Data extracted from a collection
::::::::::

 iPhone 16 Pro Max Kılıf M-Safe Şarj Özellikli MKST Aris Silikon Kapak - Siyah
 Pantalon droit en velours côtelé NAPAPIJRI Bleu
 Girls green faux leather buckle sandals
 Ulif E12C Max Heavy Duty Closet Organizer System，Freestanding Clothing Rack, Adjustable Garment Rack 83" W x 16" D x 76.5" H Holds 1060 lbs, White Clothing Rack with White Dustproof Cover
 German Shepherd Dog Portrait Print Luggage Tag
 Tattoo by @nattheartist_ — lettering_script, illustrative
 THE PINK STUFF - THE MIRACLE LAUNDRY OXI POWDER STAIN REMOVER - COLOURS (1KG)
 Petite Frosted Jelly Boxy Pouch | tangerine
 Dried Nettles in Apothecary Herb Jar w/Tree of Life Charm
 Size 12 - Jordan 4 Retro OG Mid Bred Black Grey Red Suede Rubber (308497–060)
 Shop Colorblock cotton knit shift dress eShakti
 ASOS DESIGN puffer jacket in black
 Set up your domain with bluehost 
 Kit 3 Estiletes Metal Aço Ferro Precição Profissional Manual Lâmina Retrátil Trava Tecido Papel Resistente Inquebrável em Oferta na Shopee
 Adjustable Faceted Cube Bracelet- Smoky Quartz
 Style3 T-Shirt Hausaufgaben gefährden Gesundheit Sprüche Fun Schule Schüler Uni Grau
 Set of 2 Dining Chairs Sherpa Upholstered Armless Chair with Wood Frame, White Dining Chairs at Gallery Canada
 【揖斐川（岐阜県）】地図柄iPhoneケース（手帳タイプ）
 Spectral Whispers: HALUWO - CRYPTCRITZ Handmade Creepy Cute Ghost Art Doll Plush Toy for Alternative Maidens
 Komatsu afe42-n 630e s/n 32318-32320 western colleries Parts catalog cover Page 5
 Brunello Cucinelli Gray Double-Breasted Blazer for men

::::::::::

- [Required action] Without changing a word, print all of the entries above.

- [Answer for this exercise]
 iPhone 16 Pro Max Kılıf M-Safe Şarj Özellikli MKST Aris Silikon Kapak - Siyah
 Pantalon droit en velours côtelé NAPAPIJRI Bleu
 Girls green faux leather buckle sandals
 Ulif E12C Max Heavy Duty Closet Organizer System，Freestanding Clothing Rack, Adjustable Garment Rack 83" W x 16" D x 76.5" H Holds 1060 lbs, White Clothing Rack with White Dustproof Cover
 German Shepherd Dog Portrait Print Luggage Tag
 Tattoo by @nattheartist_ — lettering_script, illustrative
 THE PINK STUFF - THE MIRACLE LAUNDRY OXI POWDER STAIN REMOVER - COLOURS (1KG)
 Petite Frosted Jelly Boxy Pouch | tangerine
 Dried Nettles in Apothecary Herb Jar w/Tree of Life Charm
 Size 12 - Jordan 4 Retro OG Mid Bred Black Grey Red Suede Rubber (308497–060)
 Shop Colorblock cotton knit shift dress eShakti
 ASOS DESIGN puffer jacket in black
 Set up your domain with bluehost 
 Kit 3 Estiletes Metal Aço Ferro Precição Profissional Manual Lâmina Retrátil Trava Tecido Papel Resistente Inquebrável em Oferta na Shopee
 Adjustable Faceted Cube Bracelet- Smoky Quartz
 Style3 T-Shirt Hausaufgaben gefährden Gesundheit Sprüche Fun Schule Schüler Uni Grau
 Set of 2 Dining Chairs Sherpa Upholstered Armless Chair with Wood Frame, White Dining Chairs at Gallery Canada
 【揖斐川（岐阜県）】地図柄iPhoneケース（手帳タイプ）
 Spectral Whispers: HALUWO - CRYPTCRITZ Handmade Creepy Cute Ghost Art Doll Plush Toy for Alternative Maidens
 Komatsu afe42-n 630e s/n 32318-32320 western colleries Parts catalog cover Page 5
 Brunello Cucinelli Gray Double-Breasted Blazer for men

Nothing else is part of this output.